[personal profile] niori_1709
I remember when this book first came out, and I remember how everyone from Oprah to my teacher was raving about it. Everyone was going on about how amazing a memoir it was, about how horrifically it described addiction and rehab. I also remember when, not long after that, it came out that good chunks of the book weren't as true as Frey claimed. I hadn't read the book at that point, so I didn't feel the disappointment many readers did. Yet, only semi-fictional or not, my interest was piqued (controversy does that for me).

'A Million Little Pieces' begins with Frey (as a memoir, it is told from his point of view of course) waking up on an airplane, injured, and having no idea how either of those things happened. He ends up being checked into a rehab centre (he's been an alcoholic and crack addict for years). The books follows Frey through a very painful rehab, where he meets some really intriguing, equally messed up people, all of who show the reader that, unlike what we may think, there's no one 'type' of addict. They're all different, have different pasts and from different walks of life- there's no one stereotype that fits them all. There's Leonard, the Mafia boss who is far more wise than one would expect. There's Lilly, the damaged and doomed girl who fits into what the general public thinks of when they hear the word 'addict', but who is so much more than that, as shown in the kind of forbidden relationship Frey has with her. The books ends with Frey's release from rehab, with a (rather heartbreaking) post-script about what happened to the others we meet throughout the course of the book, once Frey was gone.

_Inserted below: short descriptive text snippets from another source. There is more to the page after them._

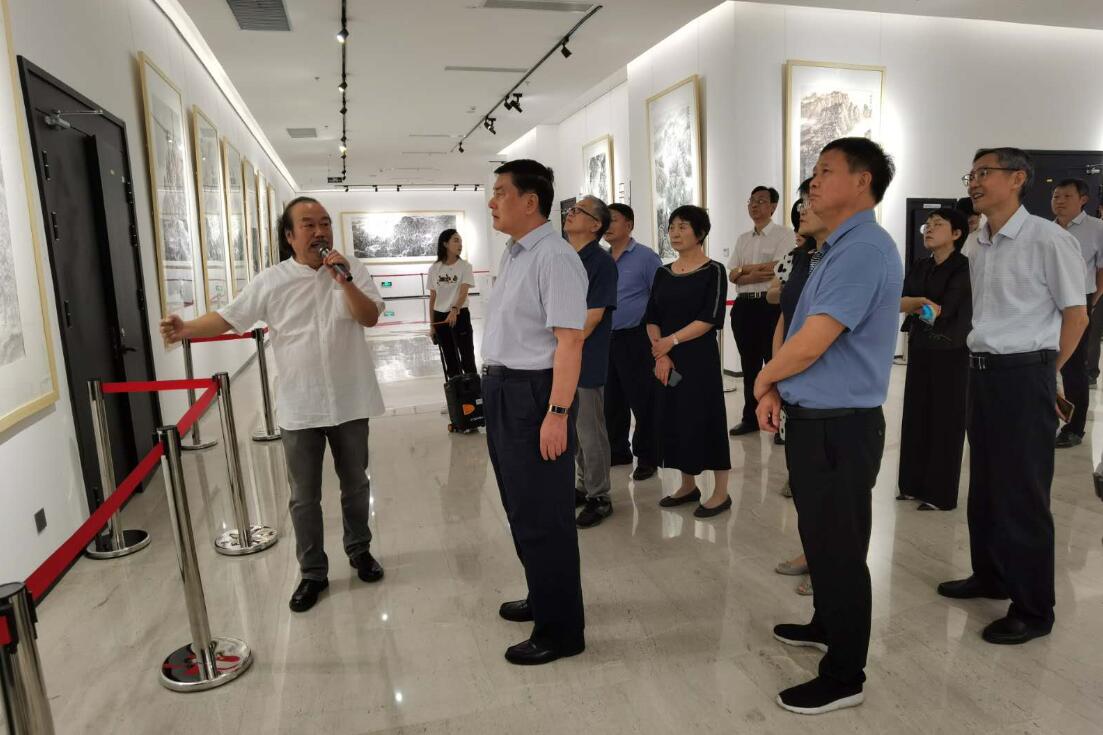 省人大常委會到安康美術(shù)館開展公共文化服務(wù)保障 “一法一條例”執(zhí)法檢查障 “一法一條例”執(zhí)法檢查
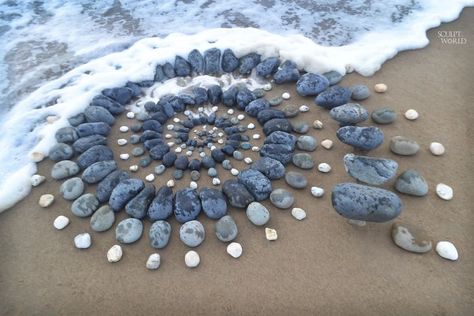 Artist Jon Foreman creates soothing and therapeutic art from stone and other objects found within the natural landscape..... This one truly shows the ephemeral nature of his beautiful work. Beach Land Art, Jon Foreman, Wave Drawing, Empty Canvas, Art Pierre, Earth Art, Land Art, Environmental Art, Stone Rocks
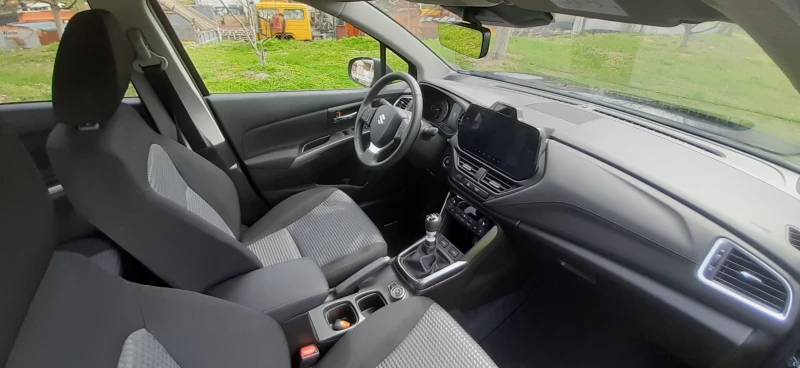 Suzuki SX4 S-Cross бензин/електричество, снимка 8 - Автомобили и джипове - 52066848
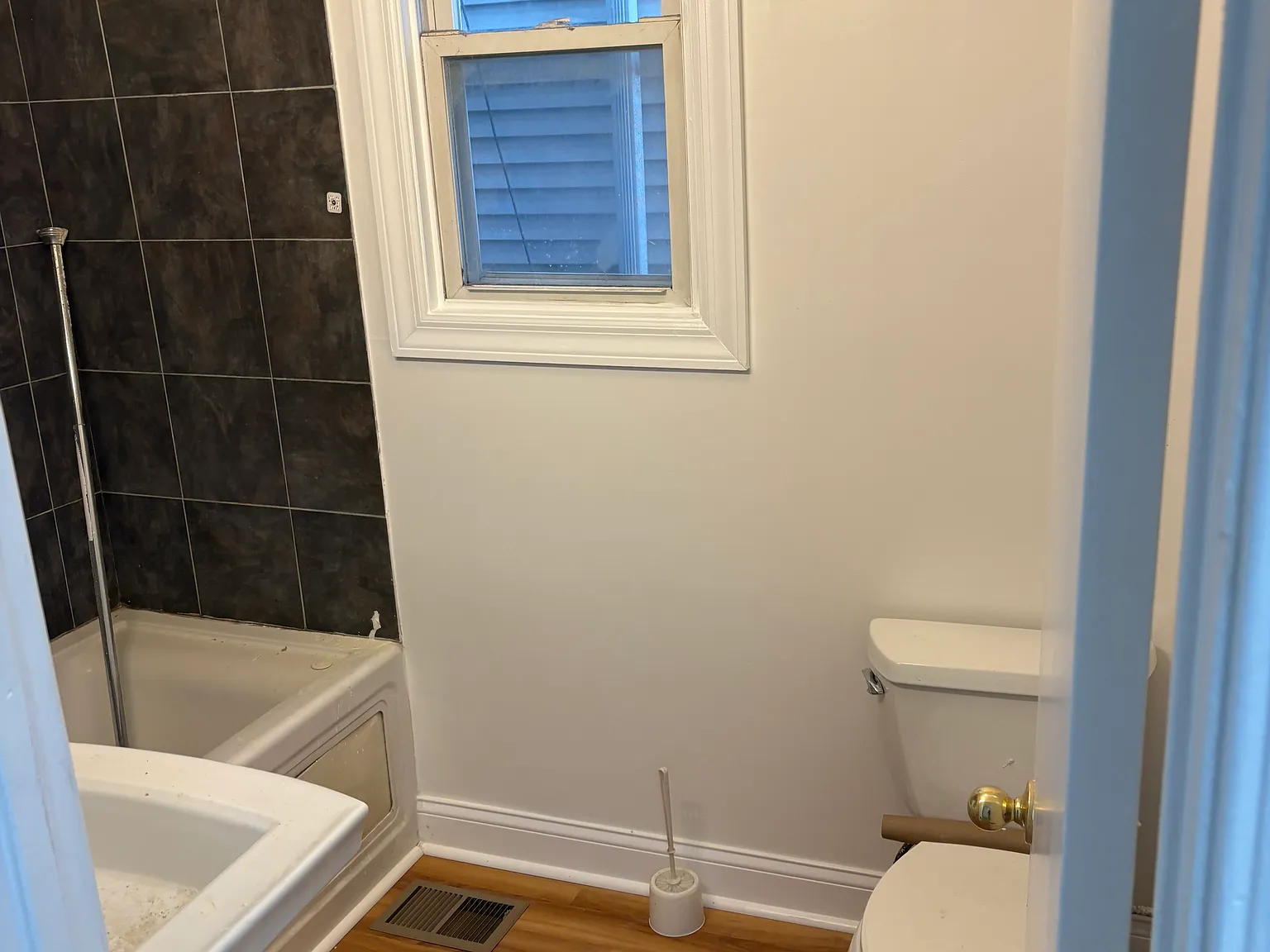 2 bed, 900 sqft, $1,795 — Photo 1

The main focus is on the rehab process and the mental state of someone going through it. It doesn't spare any gruesome detail. The part that still stands out to me was when Frey was required to have multiple root canals- all without anaesthesia, because he couldn't have any drugs in his system. I still shudder, thinking about that. Some of the events Frey writes about may be fabrications (or maybe just elaborations), but that doesn't stop it from being a powerful thing to read. Addiction is far flung from my reality, but reading 'A Million Little Pieces' gave me a painful, heartbreaking glimpse at it. It was like getting a slap in the face, one that has stayed with me all these years later. The lack of truth doesn't make the writing any less powerful.

'A Million Little Pieces' can be hard to read (not only because the gruesome details and heavy subject matter) because of its style. It's written with stream of consciousness and with random nouns capitalized. I will admit to finding that annoying, even if I get it (it's being told from the perspective of an addict- it being confusing and oddly written makes sense). Between that and the subject matter, this is a hard read. I won't lie and say I enjoyed 'A Million Little Pieces', but I am glad I read it.